I think that their size would keep a lot of people from owning them.


----------



## jinjajoe (Jun 10, 2013)

saximus said:


> Lack of demand?
> 
> I'd guess that someone will eventually stumble on the "magic technique" to get them to breed consistently. I've personally heard a couple of theories so it's possible. We can only hope. I want to be able to afford one of these guys in the future



I don't think there is a Magic technique to the albino Olives.... I think more accurately you are looking for the magic animal as most of them IMO are infertile or close to it.... Some kind of recessive infertility issue.... Not surprising really.


----------



## junglepython2 (Jun 10, 2013)

jinjajoe said:


> I don't think there is a Magic technique to the albino Olives.... I think more accurately you are looking for the magic animal as most of them IMO are infertile or close to it.... Some kind of recessive infertility issue.... Not surprising really.



Are you sure it is directly related to albinism? Even normal olives are notoriously hard to get to ovulate especially down south. I've missed mine last two seasons despite countless matings and good condition and cycling.


----------



## congo_python (Jun 10, 2013)

My Male seems to be doing his job well... let's see what results from it thou.
Sorry crappy IPhone pics thou glass but I did not want to disturb them.


----------



## jinjajoe (Jun 10, 2013)

junglepython2 said:


> Are you sure it is directly related to albinism? Even normal olives are notoriously hard to get to ovulate especially down south. I've missed mine last two seasons despite countless matings and good condition and cycling.



I think so..... Would be interesting to know how many are born from Het pairings which in my opinion goes a long way to proving this ??? But I admit it is only a theory.


----------



## junglepython2 (Jun 10, 2013)

jinjajoe said:


> I think so..... Would be interesting to know how many are born from Het pairings which in my opinion goes a long way to proving this ??? But I admit it is only a theory.

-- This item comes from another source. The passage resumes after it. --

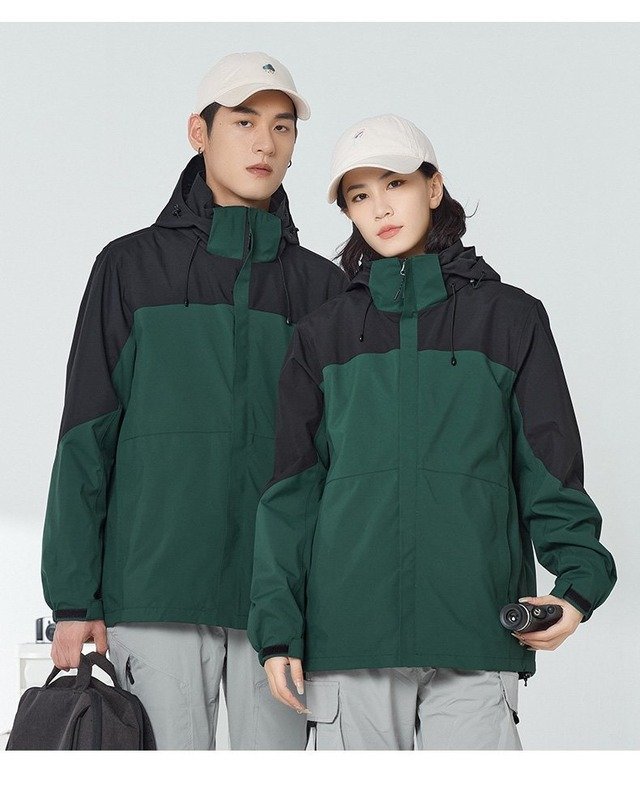 Y035020 Fleece-Lined Hardshell in Abyss Green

My theory, and once again only a theory, but albino's are likely power fed and may be carrying a little extra weight when bred which is understandable. From what I can gather most people who regularly breed olives keep there stock relatively lean. Maybe people aren't putting in as much time with the Hets hence they're leaner and do a bit better?


----------



## Shaggz (Jun 11, 2013)

My ultimate goal has always been to own Olives and since I first saw the Albinos it has made me drool lol. Unfortunately I can't see myself affording an Albino anytime soon but Hets are within a reasonable price range (as long as you are careful to get them from a breeder that actually owns Albinos). I think the only way I will achieve owning an Albino is to buy a pair of Hets and put in the research and work into breeding them.


----------



## Venomous_RBB (Jun 11, 2013)

I love all Olives, Albino's are just magical though, the one at SOFAR expo (Snake Ranch), was just awesome and I am just smitten with them, I would love to own one as just a pet someday.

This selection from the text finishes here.